Three poems by Eric Dittmar
Disassembling Required
When Van Gogh cut off his ear
It was for reassurance that the rest of him could disappear
That illusion of ownership that nerves create
Should have faded with each baby tooth I lost
It didn’t though, contrariwise I worried I would extend
Into roads or trees and then feel the tire’s friction or the elm’s blight
Empathy is a bitch of its own
I pray I never wake up with a Siamese twin
I’d have to care, lest we lapse into mutual sadomasochism
That hilarious territory of bored lovers
The Thalidomide kids might get a kick
out of feeling new arms attached to other people
but that’s the exception that proves the rule
After the Vietnam war, some men believed Agent Orange
Had followed them home, alive in newly discovered nerves
Now what odd god must be behind that shit!

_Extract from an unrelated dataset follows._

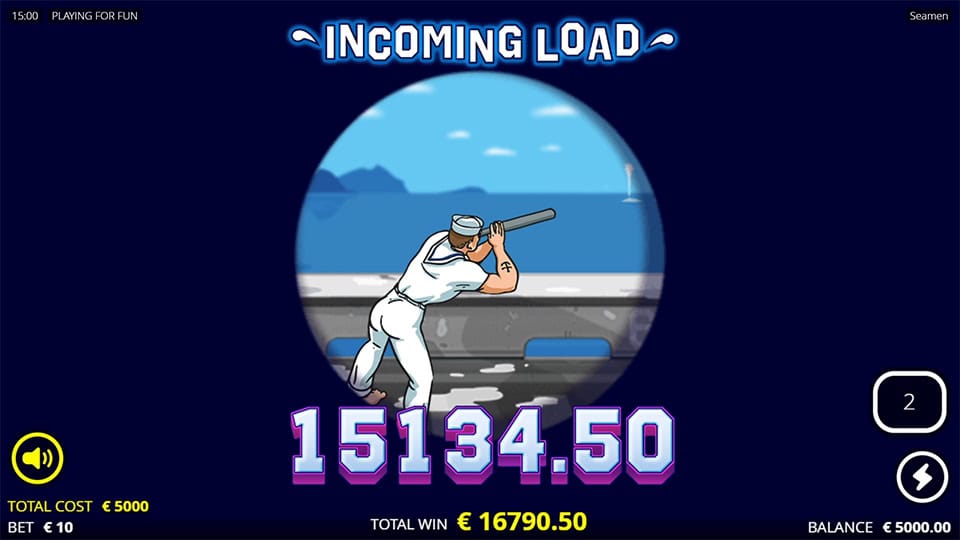 Zoomed-in scope view on a sailor with bold win display and ocean background labeled &ldquo;Incoming Load&rdquo;.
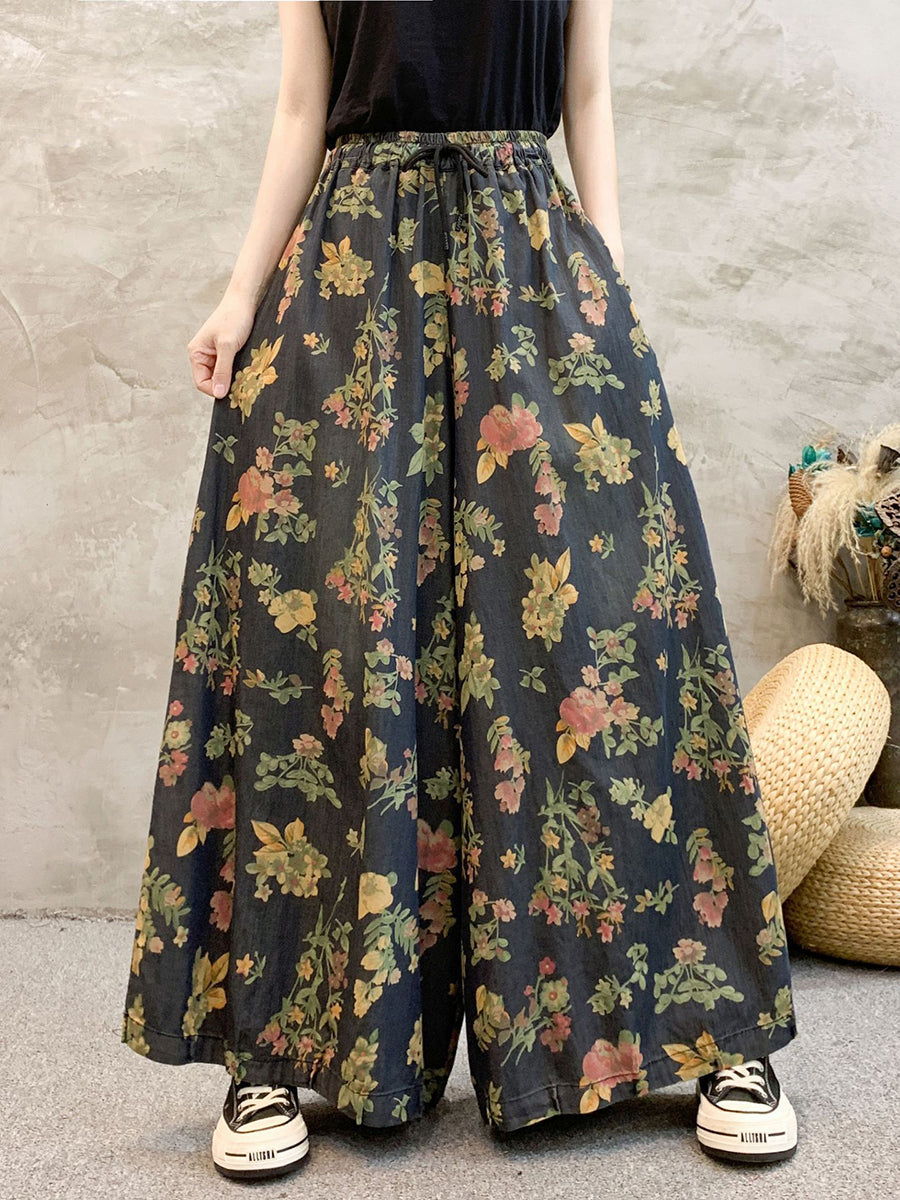 Women Artsy Summer Floral Denim Wide-leg Pants KL1055 Ada Fashion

Mengele often awoke from dreams sweating and sure
That his patients would learn a trick to generate biological anesthetics
He needed the feedback of sound to really understand the human body
“Prayer or pleading” he used to say with a wink to his bartender after work
Sometimes I worry that my nervous system
Might have a Mengelian agenda of its own
That I am woven into a potential torture chamber seems clear
but then I remember that I can always pull the tooth or cut off the ear
High School
But we know don’t we class?
The quiet ones and the kids at the back
The Morse nonsense of tapping chalk
The jocks seemed just off
One muscle in one place way too grown
A small sickness perhaps in nerves or in bone
I knew the story of how I got here
But not exactly how I did
There were very large mirrors in each bathroom
Some slightly convex some slightly concave
The exit signs contradicted each other
Some things just don’t get along I suppose
At night my parents laughed and drank wine
They gave me a new nickname every week
“I’m going to high school!” I said to a girl I knew
A pretty girl too, she vigorously nodded “Yes!”
Her perfume came off her in layers
Like she’d worn hundreds of different scents
In the smoking section everyone was silent
In the office was a grinning secretary
Some portables seemed too far away
And I couldn’t ever remember my age
But that’s how things are right?
Charm
I’m a bad bad man
(I take it in the can!)
There was nothing to run from at all
(but I ran)
I smell the blood in your matted hair
with your nodding to nothingness
and to everywhere
After all I was
wasn’t I
–
Eric
Dittmar lives in Ajax, a town in Ontario, Canada. He has a mechanical engineering degree from Cleveland State University. He recently worked for EllisDon Construction building a condominium in Miami that was called Infinity at Brickell; it was his first real job. He has two wonderful cats, Quark and Toast Jr.




Comments
By Dave Morehouse on January 30th, 2013 at 11:27 AM
I enjoyed “Disassembling Required”. Disturbing, yes, but in a good way. Well done.